We've contemplated adding support for something like this to pgbackrest, since all the pieces are there, but there hasn't been a lot of demand for it and it kind of goes against the idea of having a proper backup solution, really.. It'd also create quite a bit of load on the primary to checksum all the files to do the comparison against what's on the replica that you're trying to update, so not something you'd probably want to do a lot more than necessary.
Ok, we want to use pgbackrest to rebuild a standby that has
fallen behind (where pg_rewind won't work). After reading
the docs, we believe we should use this setup:
a) Primary host: primary cluster
b) Repository host: needed for rebuilding the standby (and having PITR as bonus).
c) Standby host: standby cluster
Some questions:
1) The standby will use streaming replication and will be in sync
until someday something funny happens and both standby and
repository get out of sync with the primary.
Now, to rebuild the standby first we will have to create a new
backup transferring the data from primary -> repository,
right?
Wouldn't this also have a load impact on the primary cluster?

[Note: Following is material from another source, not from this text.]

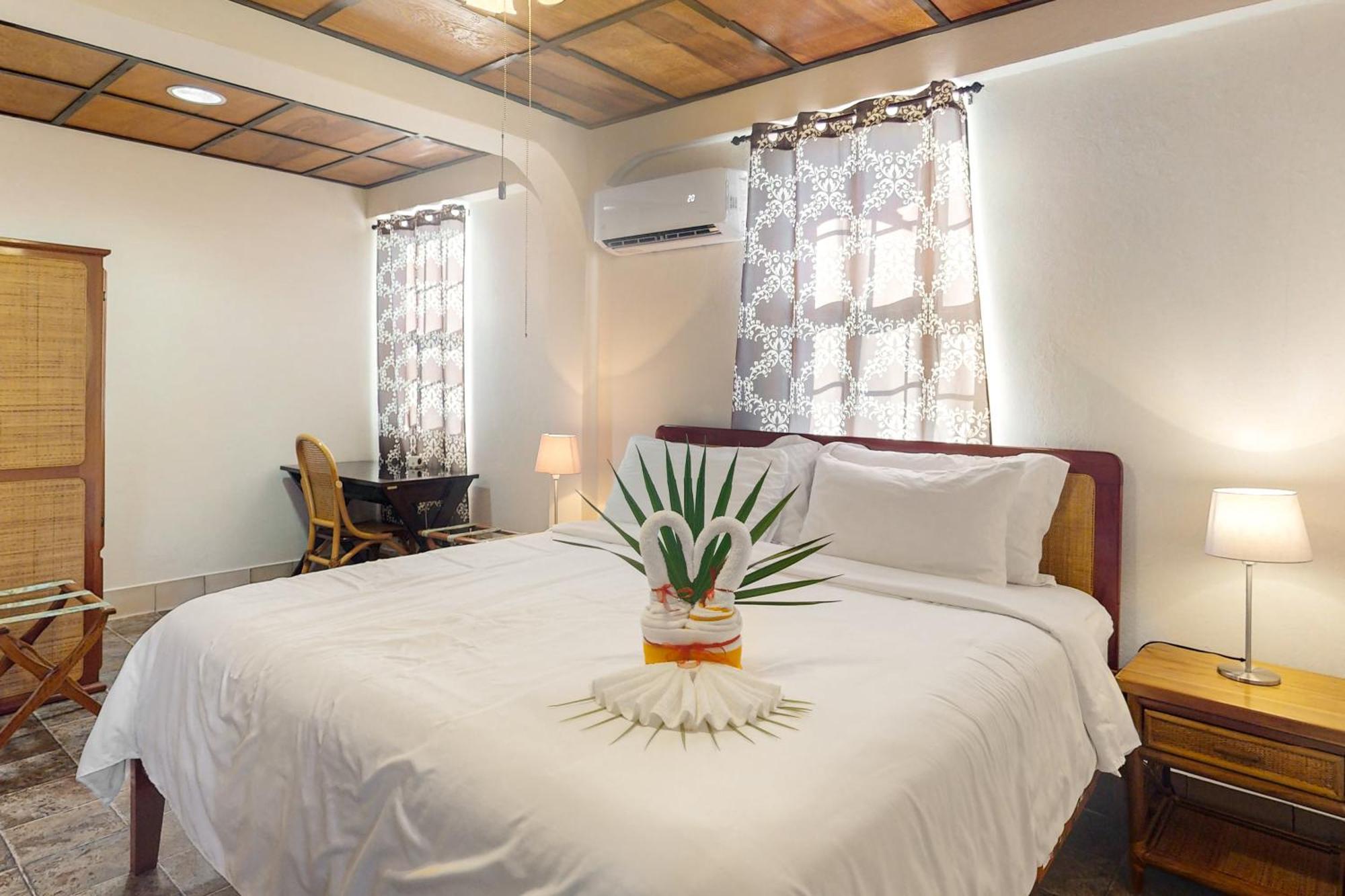 Hummingbird Home Suites San Pedro  Quarto foto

2) In the user guide section 17.3 is explained how to create a
"pg-standby host" to replicate the data from the repository
host.
And in section 17.4 is explained how to setup Streaming
Replication to replicate the data from the primary host.

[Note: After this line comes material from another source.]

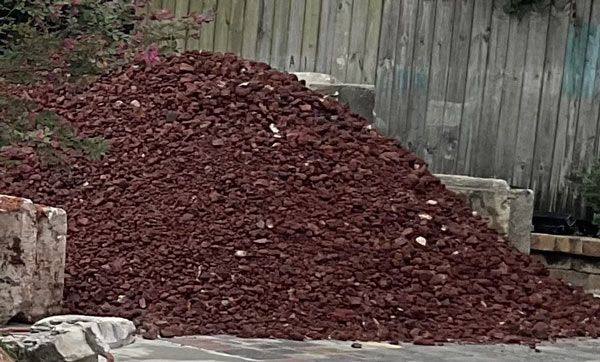 Large pile of red mulch or wood chips beside a weathered wooden fence.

Do 17.3 and 17.4 work together so that the data is replicated
from the repository and then streamed from the primary?
3) Before being able to rebuild the standby cluster, would we first need to update the backup on the repository (backup from primary -> repository) in order for streaming replication to work (from primary -> standby)?
4) Once the backup on the repository is ready, what are the chances that streaming replication from primary to standby won't work because they got out of sync again?
5) Could we just work with 2 hosts (primary and standby) instead
of 3?
FAQ section 8 says the repository shouldn't be on the same host as
the standby and having it on the primary doesn't make much sense
because if the primary host is down we won't have access to the
backup.
It would be ideal to have the repository on the standby host and
taking good care of the configurations. What exactly should be
cared of for this setup to be safe?
I'm afraid I'm not understanding very well the pgbackrest design or how to use it efficiently to rebuild a standby cluster that got out of sync.